* [ENTRIES SUPPLIED]:
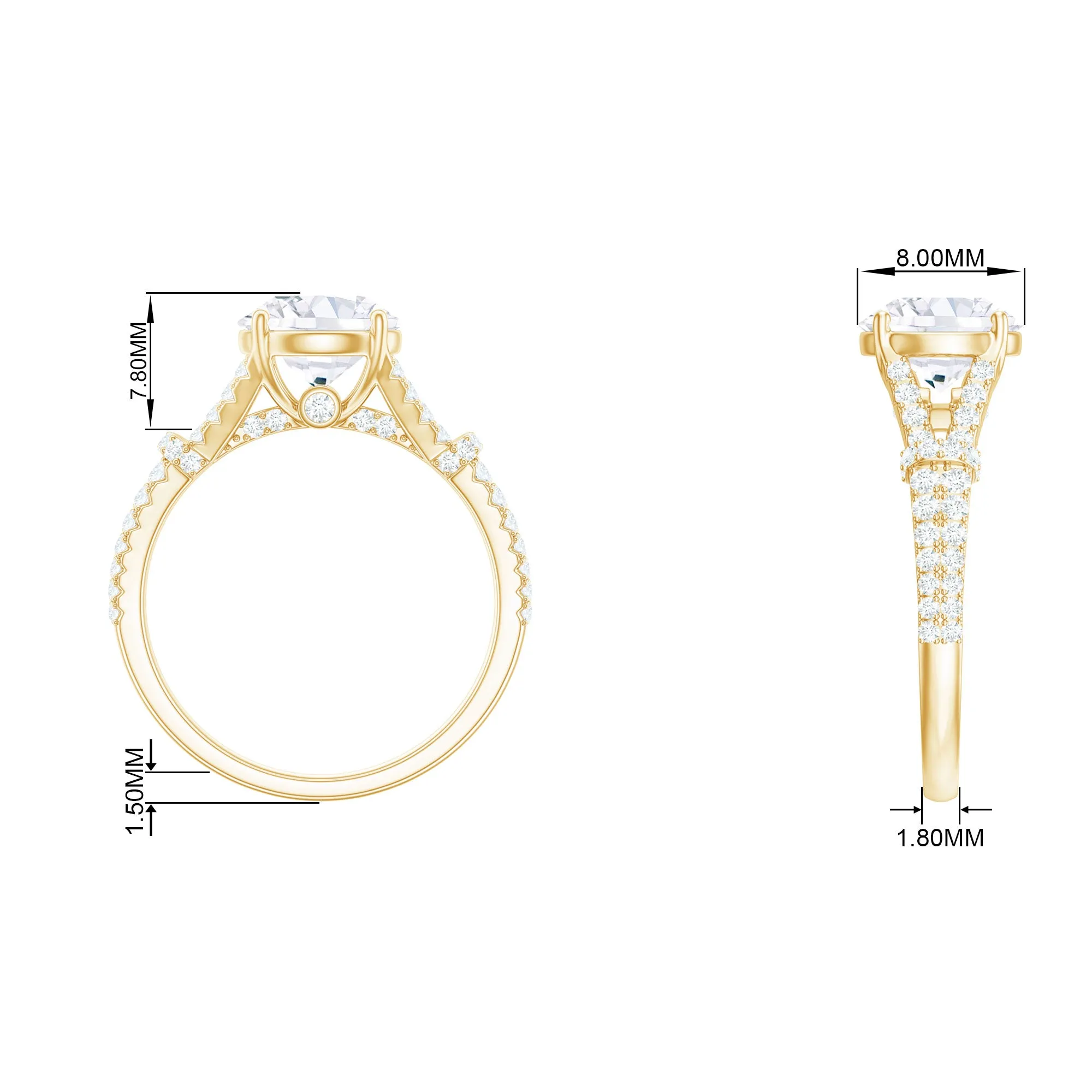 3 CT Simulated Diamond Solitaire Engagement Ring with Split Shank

...

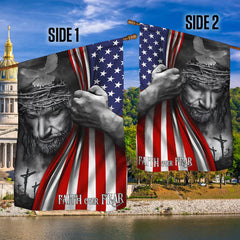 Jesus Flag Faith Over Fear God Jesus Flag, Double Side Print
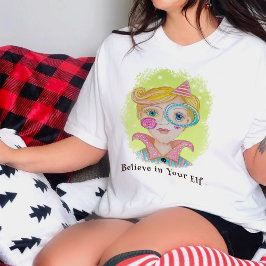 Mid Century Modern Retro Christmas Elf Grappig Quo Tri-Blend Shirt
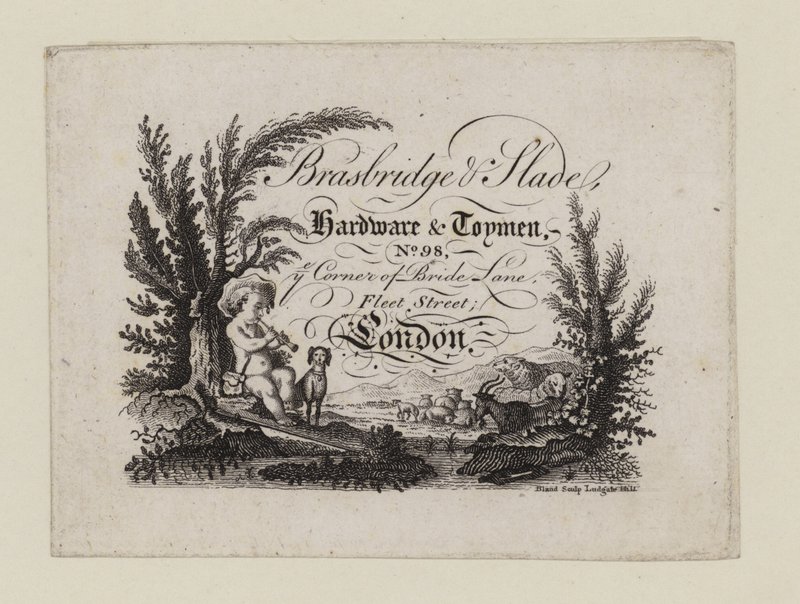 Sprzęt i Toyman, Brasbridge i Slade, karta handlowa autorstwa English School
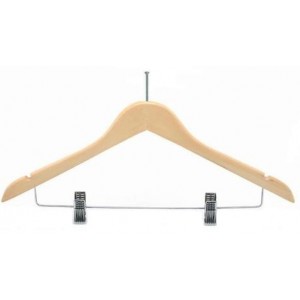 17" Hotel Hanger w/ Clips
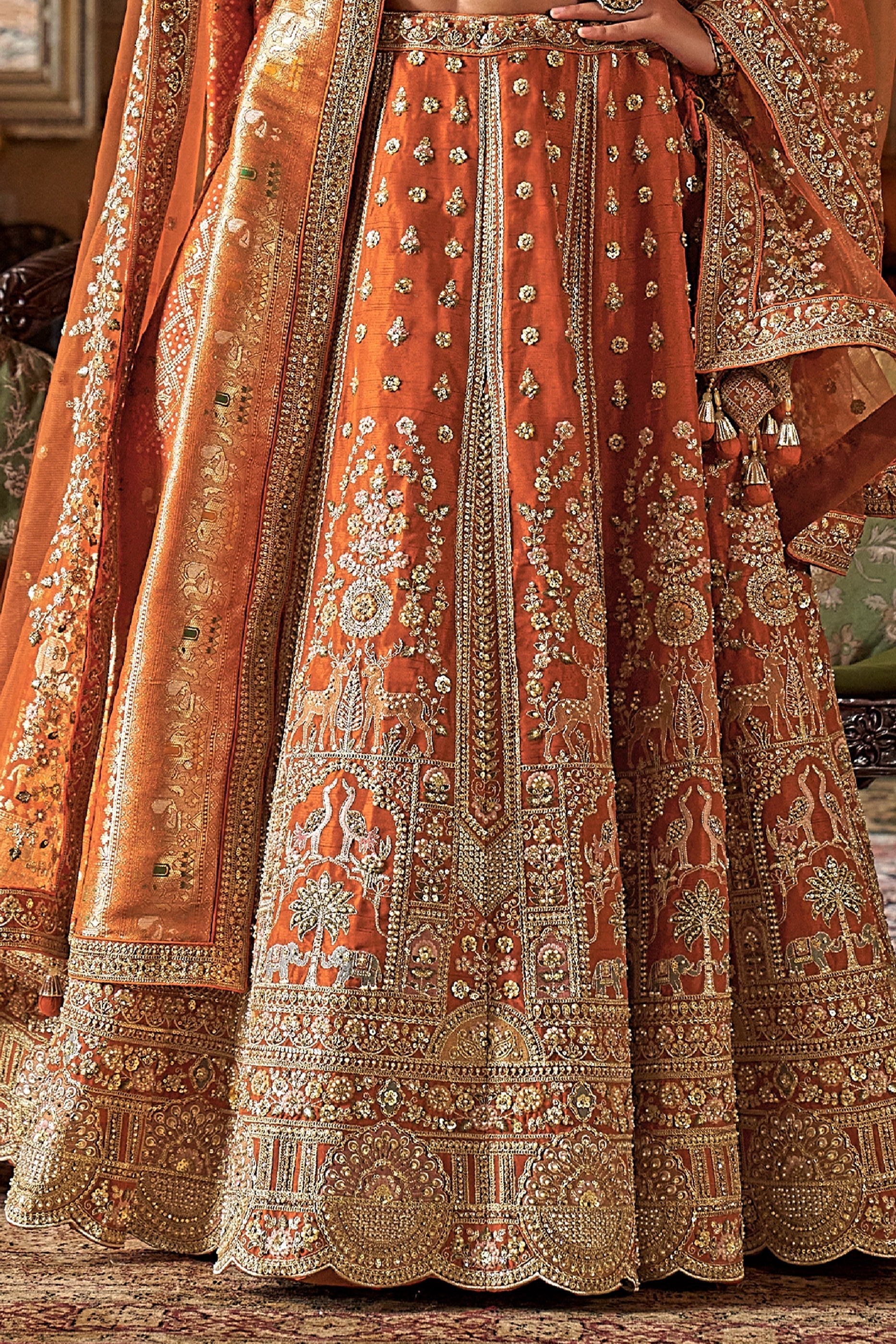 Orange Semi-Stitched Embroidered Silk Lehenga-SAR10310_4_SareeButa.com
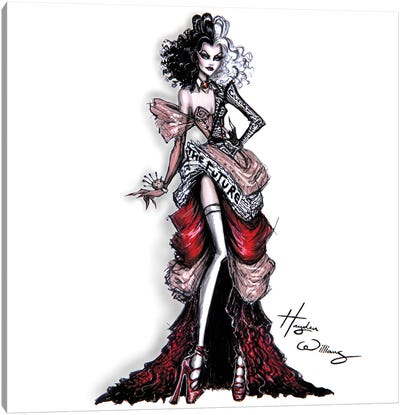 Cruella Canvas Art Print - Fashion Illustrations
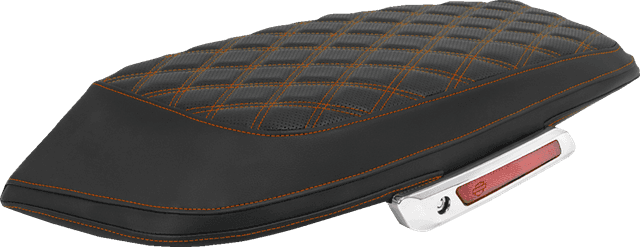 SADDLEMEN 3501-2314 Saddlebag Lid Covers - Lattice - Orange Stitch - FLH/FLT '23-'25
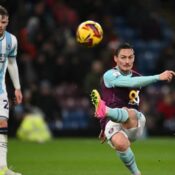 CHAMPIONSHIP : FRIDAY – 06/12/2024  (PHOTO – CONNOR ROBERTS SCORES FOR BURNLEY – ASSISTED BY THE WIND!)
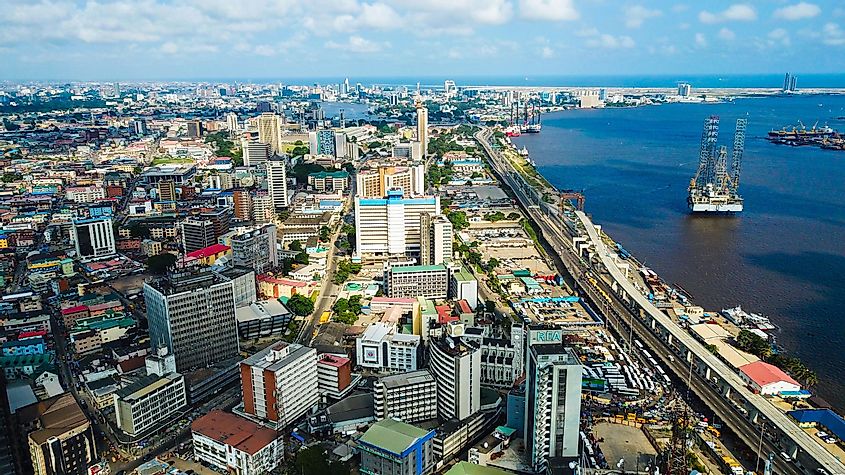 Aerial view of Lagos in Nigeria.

* [ASSIGNMENT]: Working from the entries above, please transcribe only the lines from the line with "Orange Semi-Stitched Embroidered" through the line with "Aerial view of Lagos in Nigeria.", exactly, with both end lines and without pictures.

* [YOUR RESPONSE]:
 Orange Semi-Stitched Embroidered Silk Lehenga-SAR10310_4_SareeButa.com
 Cruella Canvas Art Print - Fashion Illustrations
 SADDLEMEN 3501-2314 Saddlebag Lid Covers - Lattice - Orange Stitch - FLH/FLT '23-'25
 CHAMPIONSHIP : FRIDAY – 06/12/2024  (PHOTO – CONNOR ROBERTS SCORES FOR BURNLEY – ASSISTED BY THE WIND!)
 Aerial view of Lagos in Nigeria.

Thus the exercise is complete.